Both the index subsystem and the placement subsystem within AWS were restored by 1:54 PM PST. The recovery of additional services took more time depending on the backlog they experienced due to S3’s disruption and restoration. As a result of the outage, AWS has begun examining risks associated with operational tools and processes that remove capacity and escalated the prioritization of a re-architecting of S3 into smaller “cells” that allow for accelerated recovery from a service disruption and the restoration of routine operating capacity. The S3 outage affected customers such as Airbnb, New Relic, Slack, Docker, Expedia and Trello.
The S3 outage underscores the lack of maturity of control frameworks related to operational processes specific to the maintenance and QC of cloud services and platforms. That manual error could lead to a multi-hour service disruption to Amazon S3 with downstream effects for other AWS services represents a stunning indictment of AWS’s risk management and control framework for mitigating risks to the availability and performance of services as well as implementing effective controls to monitor and respond to the quality of operational performance.
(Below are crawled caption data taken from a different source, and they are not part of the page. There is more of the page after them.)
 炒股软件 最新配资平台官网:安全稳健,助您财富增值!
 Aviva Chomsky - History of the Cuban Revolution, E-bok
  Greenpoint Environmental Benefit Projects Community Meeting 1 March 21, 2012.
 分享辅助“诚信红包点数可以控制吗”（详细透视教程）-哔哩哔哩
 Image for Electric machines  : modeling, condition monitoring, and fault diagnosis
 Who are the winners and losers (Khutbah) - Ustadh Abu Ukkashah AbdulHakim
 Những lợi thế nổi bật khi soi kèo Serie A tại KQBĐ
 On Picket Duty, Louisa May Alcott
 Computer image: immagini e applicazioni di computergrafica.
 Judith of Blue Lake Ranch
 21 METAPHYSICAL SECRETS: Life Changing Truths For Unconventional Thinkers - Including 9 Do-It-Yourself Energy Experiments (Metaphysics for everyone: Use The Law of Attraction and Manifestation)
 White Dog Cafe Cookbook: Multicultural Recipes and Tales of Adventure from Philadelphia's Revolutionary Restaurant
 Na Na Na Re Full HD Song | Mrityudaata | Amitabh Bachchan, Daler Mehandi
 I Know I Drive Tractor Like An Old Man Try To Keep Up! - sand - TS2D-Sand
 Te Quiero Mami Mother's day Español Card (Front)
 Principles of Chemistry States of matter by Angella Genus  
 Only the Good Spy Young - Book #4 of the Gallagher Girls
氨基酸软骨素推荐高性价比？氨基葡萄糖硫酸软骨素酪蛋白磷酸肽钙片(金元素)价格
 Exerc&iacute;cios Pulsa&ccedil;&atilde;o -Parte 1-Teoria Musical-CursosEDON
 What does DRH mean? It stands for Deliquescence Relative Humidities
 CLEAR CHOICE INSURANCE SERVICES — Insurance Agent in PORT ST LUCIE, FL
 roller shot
The outage pointedly illustrates the lack of maturity of risk, control and automation frameworks at AWS and subsequently sets the stage for competitors such as Microsoft Azure and Google Cloud Platform to capitalize on the negative publicity received by AWS by foregrounding the sophistication of their own risk and control frameworks for preventing, mitigating and minimizing service disruptions. Moreover, the February 28 AWS S3-based outage underscores the need for the maturation of cloud services-focused risk and control IT frameworks that can respond to the specificity of risk and control frameworks specific to cloud platforms in contradistinction to on-premise, enterprise IT. Furthermore, the outage strengthens the argument for a multi-cloud strategy for enterprises interested in ensuring business continuity by using more than one public cloud vendor to mitigate risks associated with a public cloud outage. Meanwhile, the continued pervasiveness of public cloud outages underscores the depth of the opportunity for the implementation of controls to mitigate risks that threaten cloud services uptime and performance.